WHAT IS EXPECTED:
Nothing but the lines from the one with "A single-story house" through the end of the listing should be reproduced, each exactly and with pictures omitted.
─── DATA BLOCK ───
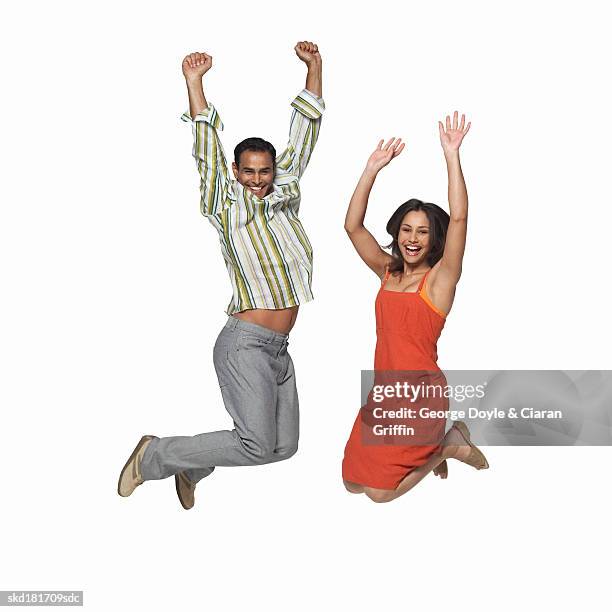 mid adult couple jumping into the air - air date stockfoto's en -beelden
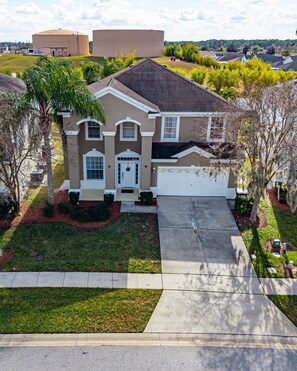 A single-story house with a front garage, a well-maintained lawn, and a driveway. - Magic Palms House | 10 minutes to the parks   (Kissimmee)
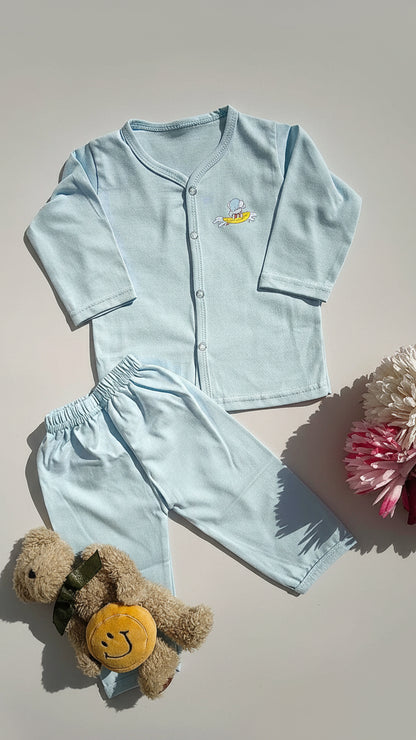 Light blue children's pajama set with a teddy bear on a beige surface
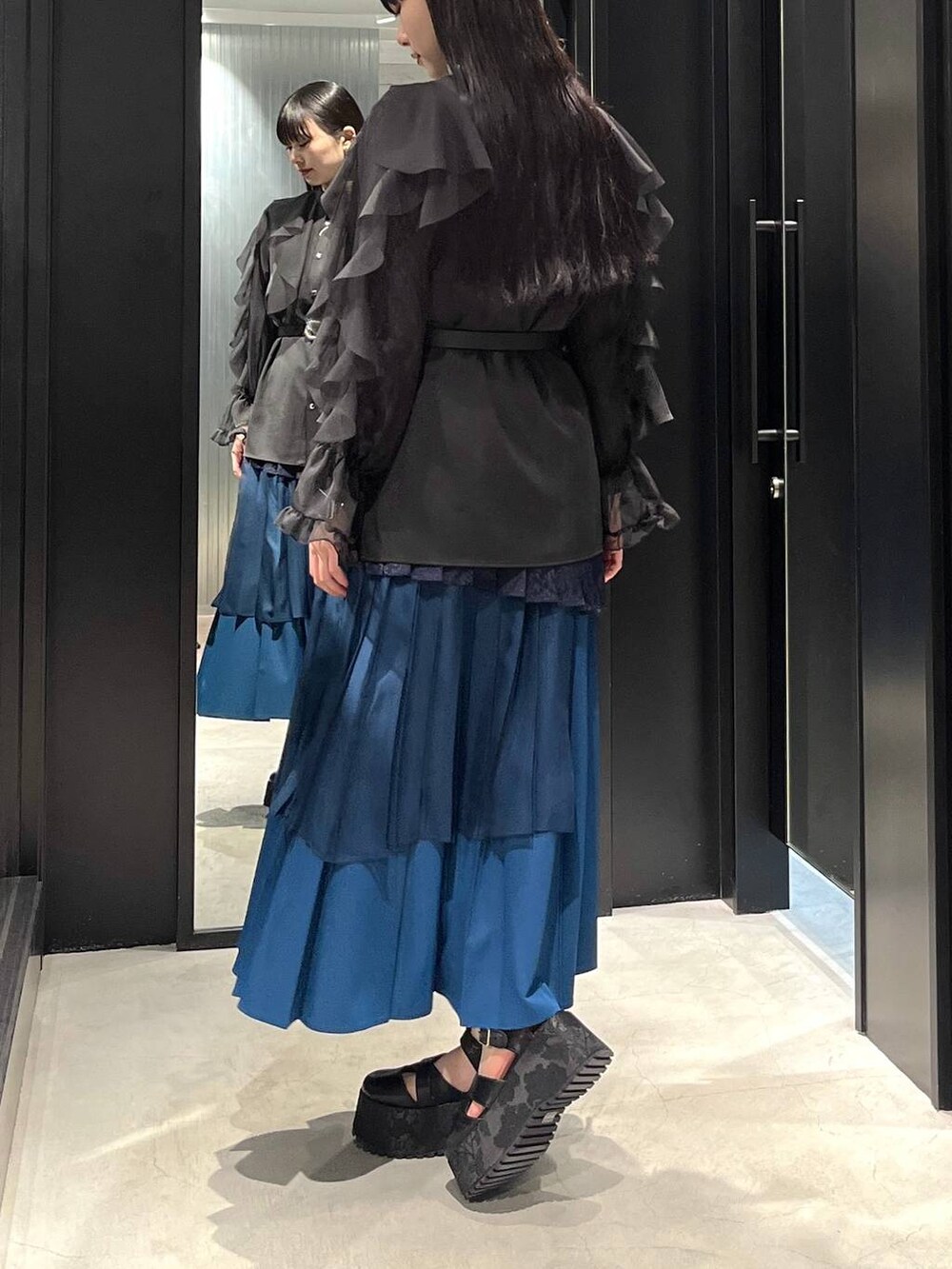 ブラック系のサンダル、ブラック系のシャツ/ブラウス、ブルー系のスカートを着用したレディースの春コーディネートの3枚目の写真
───
REPLY:
 A single-story house with a front garage, a well-maintained lawn, and a driveway. - Magic Palms House | 10 minutes to the parks   (Kissimmee)
 Light blue children's pajama set with a teddy bear on a beige surface
 ブラック系のサンダル、ブラック系のシャツ/ブラウス、ブルー系のスカートを着用したレディースの春コーディネートの3枚目の写真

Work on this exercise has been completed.